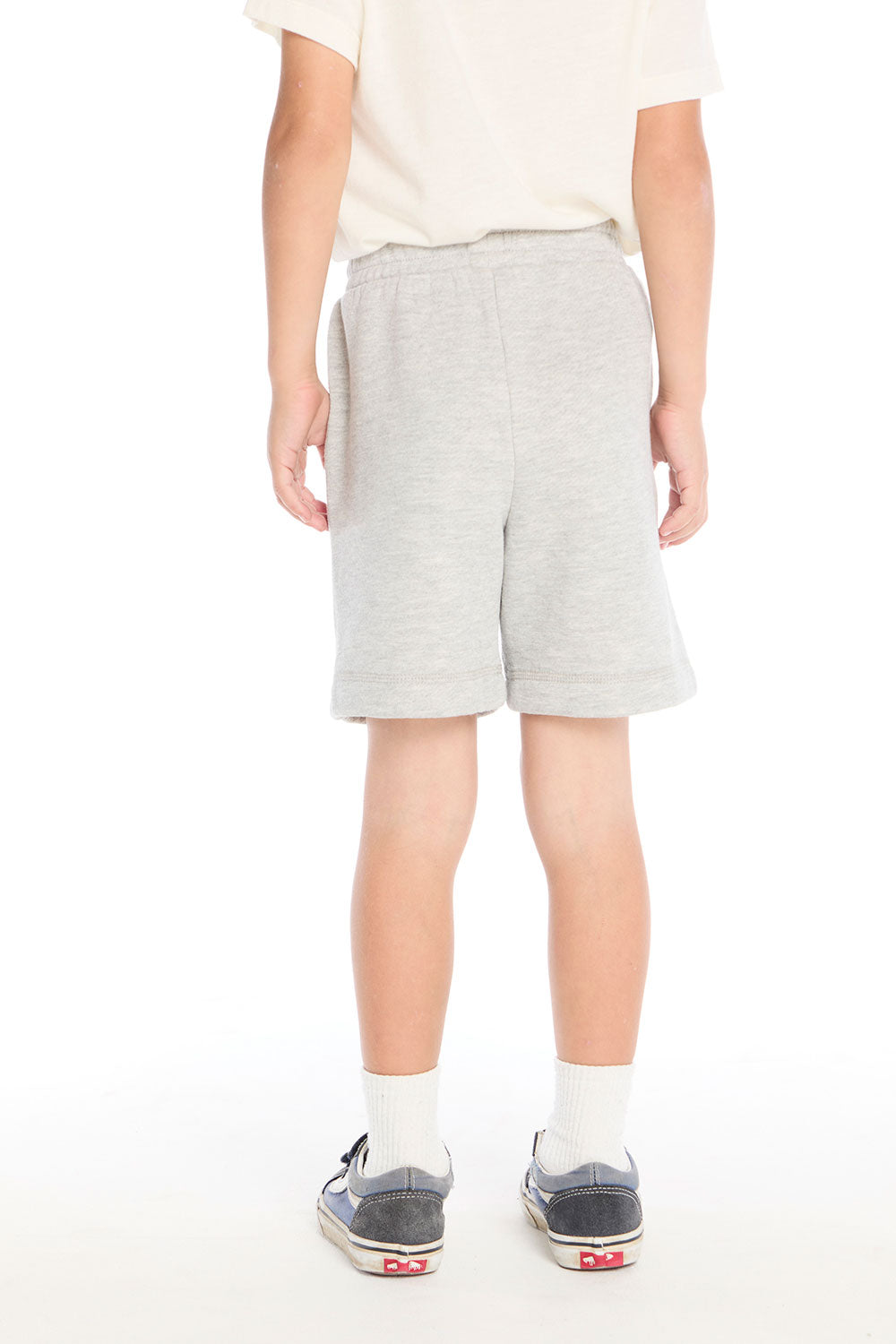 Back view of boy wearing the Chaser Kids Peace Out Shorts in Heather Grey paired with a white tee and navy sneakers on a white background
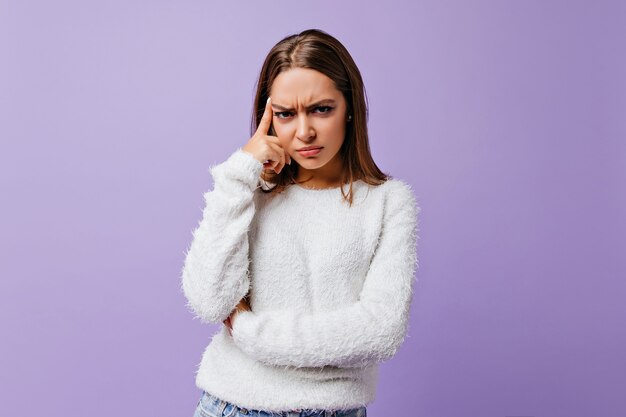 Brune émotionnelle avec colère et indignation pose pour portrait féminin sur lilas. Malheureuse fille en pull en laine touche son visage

□ □ □ □

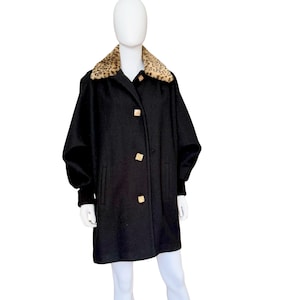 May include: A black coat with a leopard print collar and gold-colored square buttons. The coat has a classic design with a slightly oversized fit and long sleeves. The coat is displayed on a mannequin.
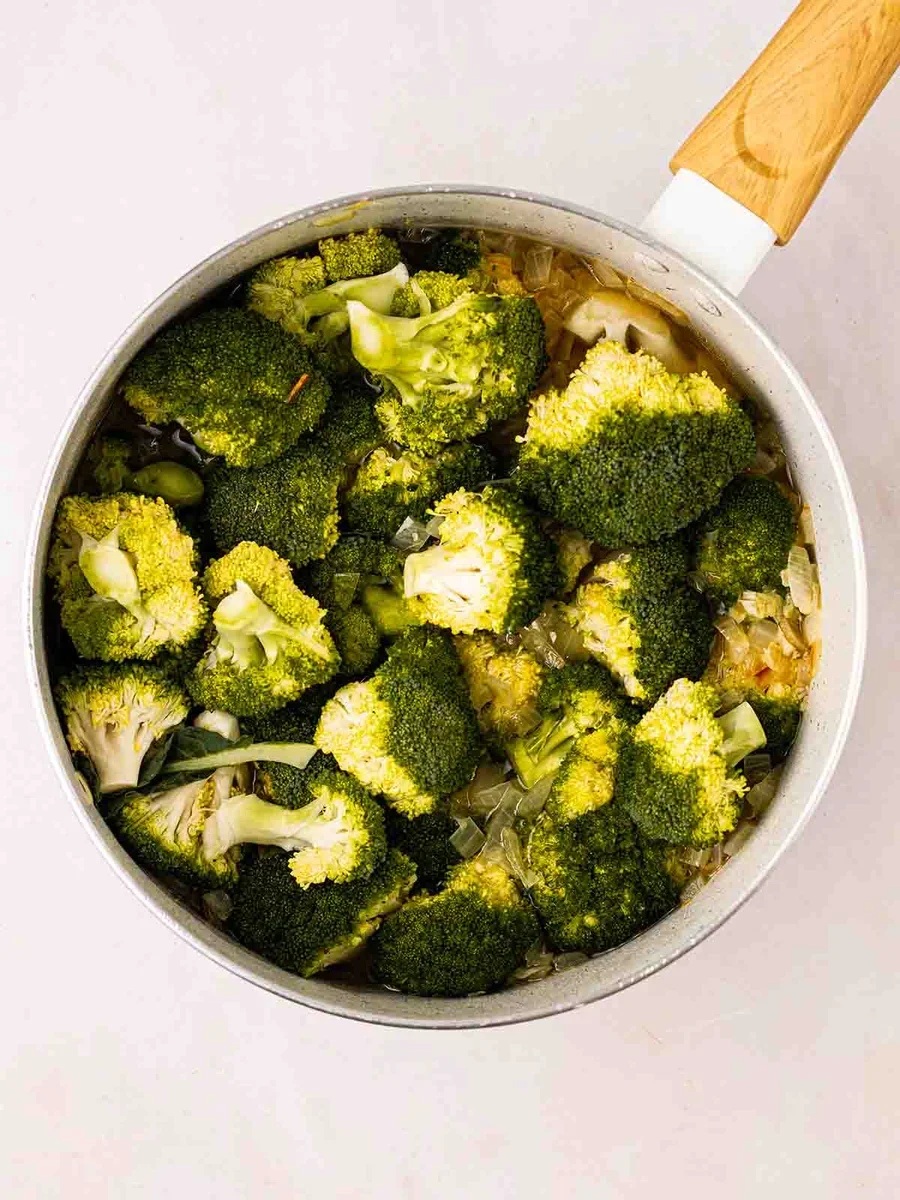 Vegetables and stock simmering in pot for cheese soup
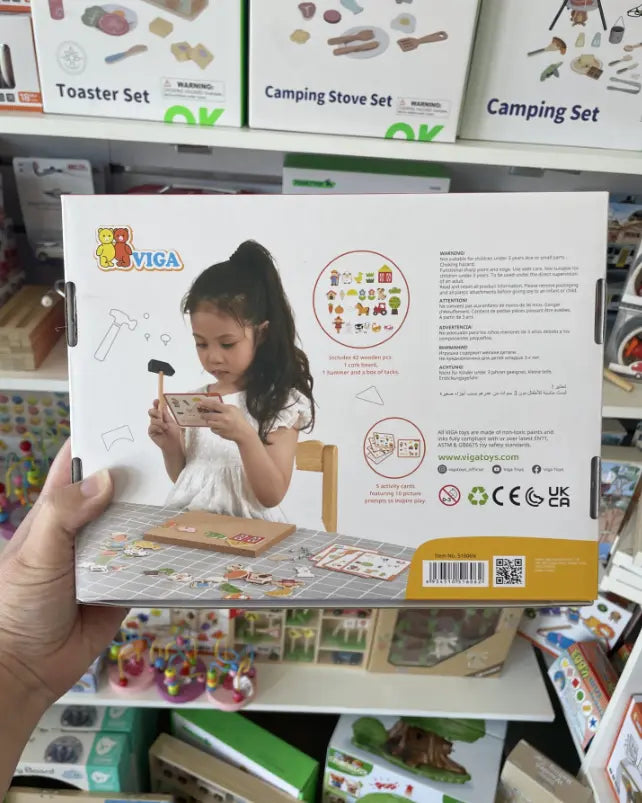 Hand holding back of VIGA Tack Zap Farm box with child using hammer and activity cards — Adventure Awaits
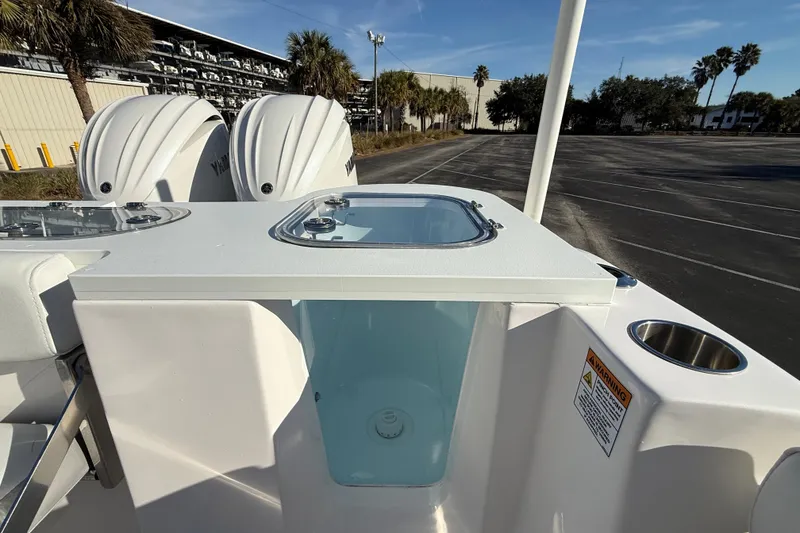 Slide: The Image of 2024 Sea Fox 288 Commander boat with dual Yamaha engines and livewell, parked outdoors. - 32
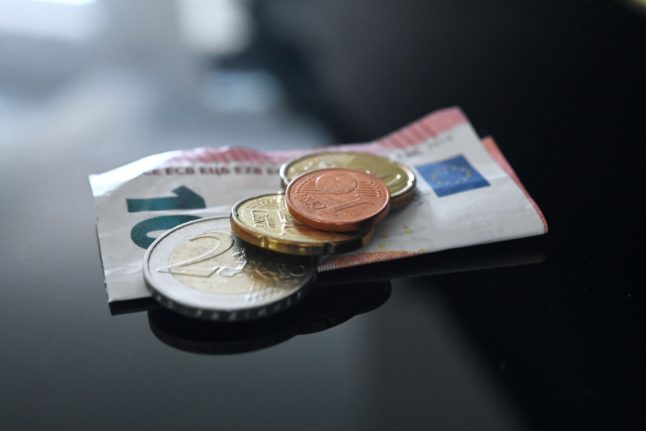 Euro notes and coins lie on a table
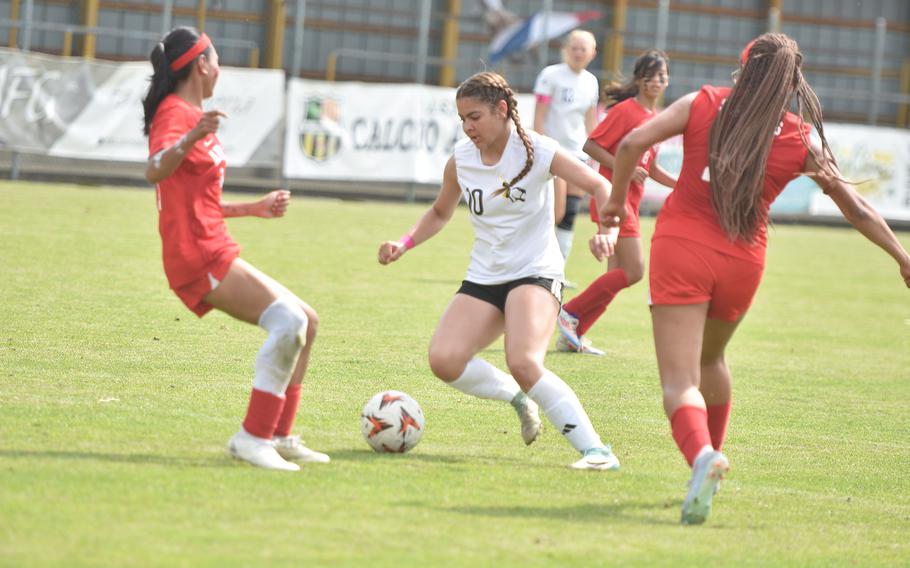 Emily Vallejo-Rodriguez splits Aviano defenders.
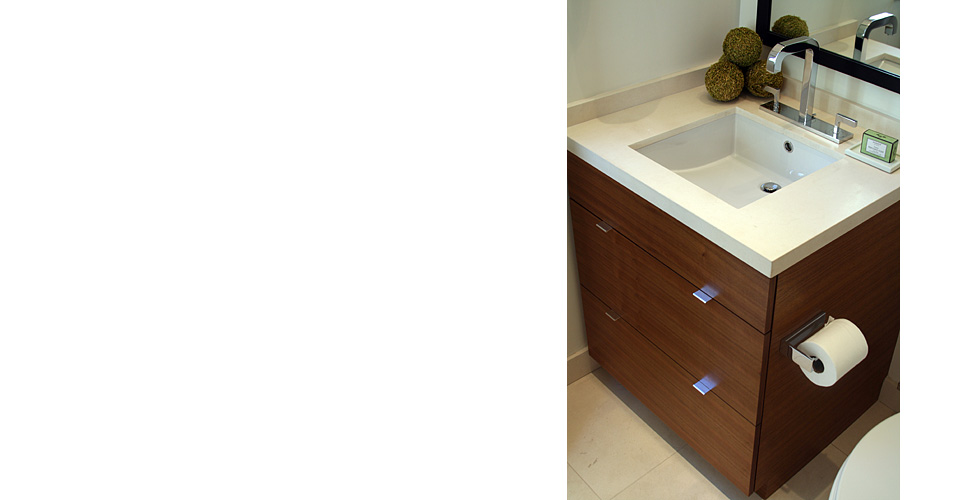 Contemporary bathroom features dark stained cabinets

□ □ □ □

(Problem description)
Out of the records above, please copy exactly the lines from the line with "Back view of" up to and including the line with "Brune émotionnelle avec", minus the pictures.

(Your response)
 Back view of boy wearing the Chaser Kids Peace Out Shorts in Heather Grey paired with a white tee and navy sneakers on a white background
 Brune émotionnelle avec colère et indignation pose pour portrait féminin sur lilas. Malheureuse fille en pull en laine touche son visage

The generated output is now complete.